Bitonto, via Ugo La Malfa, è il primo pomeriggio del 6 gennaio 2015. Il 29enne Carlo, difeso dall’avvocato Nicola Lerario, non potrà mai dimenticare quel giorno. In queste ore ha saputo di dover scontare una condanna definitiva a 5 anni di reclusione, con l’accusa pesantissima di pedofilia, per aver palpeggiato una bambina di quattro anni.

“Non ho mai palpeggiato quella bambina – continua a ripetere il condannato – sono state fatte indagini lacunose. La mia vita è rovinata, avendo avuto l’unica colpa di aver aiutato la piccola a rialzarsi da una caduta”. La situazione è delicata, davanti a una condanna definitiva bisogna muoversi con la massima cautela, ma leggendo gli atti processuali abbiamo scelto di andare a fondo.

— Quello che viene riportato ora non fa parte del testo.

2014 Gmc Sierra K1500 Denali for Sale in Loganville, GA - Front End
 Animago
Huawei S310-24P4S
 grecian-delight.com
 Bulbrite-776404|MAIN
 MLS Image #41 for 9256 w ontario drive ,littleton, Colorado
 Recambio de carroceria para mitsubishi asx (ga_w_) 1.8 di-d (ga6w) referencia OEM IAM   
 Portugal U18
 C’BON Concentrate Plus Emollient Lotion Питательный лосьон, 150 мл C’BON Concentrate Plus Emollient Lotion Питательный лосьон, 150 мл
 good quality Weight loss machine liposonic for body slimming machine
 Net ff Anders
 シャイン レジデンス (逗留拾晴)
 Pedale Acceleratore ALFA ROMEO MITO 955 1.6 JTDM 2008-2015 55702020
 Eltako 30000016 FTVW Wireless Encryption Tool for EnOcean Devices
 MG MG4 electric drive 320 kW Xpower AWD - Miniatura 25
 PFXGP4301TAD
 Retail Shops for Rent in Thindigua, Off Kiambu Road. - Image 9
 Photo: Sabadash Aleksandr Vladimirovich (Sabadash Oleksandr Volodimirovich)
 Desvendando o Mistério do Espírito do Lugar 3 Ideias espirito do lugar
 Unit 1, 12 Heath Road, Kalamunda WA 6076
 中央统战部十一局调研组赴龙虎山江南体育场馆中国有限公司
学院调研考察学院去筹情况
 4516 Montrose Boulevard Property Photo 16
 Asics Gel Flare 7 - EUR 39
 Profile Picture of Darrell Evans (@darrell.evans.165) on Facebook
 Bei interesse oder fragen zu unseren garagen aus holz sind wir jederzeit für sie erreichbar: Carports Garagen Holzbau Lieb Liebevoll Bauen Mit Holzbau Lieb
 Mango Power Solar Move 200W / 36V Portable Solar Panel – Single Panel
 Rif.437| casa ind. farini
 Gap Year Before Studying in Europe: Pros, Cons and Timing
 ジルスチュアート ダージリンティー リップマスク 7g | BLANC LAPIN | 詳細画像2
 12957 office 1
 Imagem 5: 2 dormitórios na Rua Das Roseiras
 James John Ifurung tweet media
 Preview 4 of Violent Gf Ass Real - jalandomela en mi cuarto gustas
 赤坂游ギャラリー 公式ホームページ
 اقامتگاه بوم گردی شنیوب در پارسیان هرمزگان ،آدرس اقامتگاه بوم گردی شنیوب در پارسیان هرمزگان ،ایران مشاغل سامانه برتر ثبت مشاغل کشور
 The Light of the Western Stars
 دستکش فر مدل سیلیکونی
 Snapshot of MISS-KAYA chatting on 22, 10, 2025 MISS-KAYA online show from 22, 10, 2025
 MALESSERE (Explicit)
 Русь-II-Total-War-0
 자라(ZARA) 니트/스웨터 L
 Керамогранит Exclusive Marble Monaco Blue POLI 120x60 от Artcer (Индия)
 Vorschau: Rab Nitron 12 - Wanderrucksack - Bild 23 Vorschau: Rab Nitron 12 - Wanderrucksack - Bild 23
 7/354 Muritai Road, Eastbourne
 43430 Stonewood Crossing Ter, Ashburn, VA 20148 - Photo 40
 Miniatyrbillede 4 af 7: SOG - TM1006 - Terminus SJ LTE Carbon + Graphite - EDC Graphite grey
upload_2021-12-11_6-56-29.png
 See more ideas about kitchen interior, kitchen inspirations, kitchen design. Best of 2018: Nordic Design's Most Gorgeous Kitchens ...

Carlo ci accoglie nel retrobottega del suo negozio, a Bitonto. È visibilmente provato, prima di questa storiaccia era incensurato e aveva una moglie, che ha perso anche per via della detenzione in carcere, un periodo che ha complicato ulteriormente la vita privata dei due. Ma cosa è successo? Carlo, allora 25enne, sta ristrutturando il locale dove avrebbe aperto la sua attività. Chiama sua moglie e le dice di prepararsi per andare insieme da Le Roi Merlin a comprare il materiale necessario. Durante le indagini il suo cellulare viene individuato dove dice di essere. Un punto a suo favore.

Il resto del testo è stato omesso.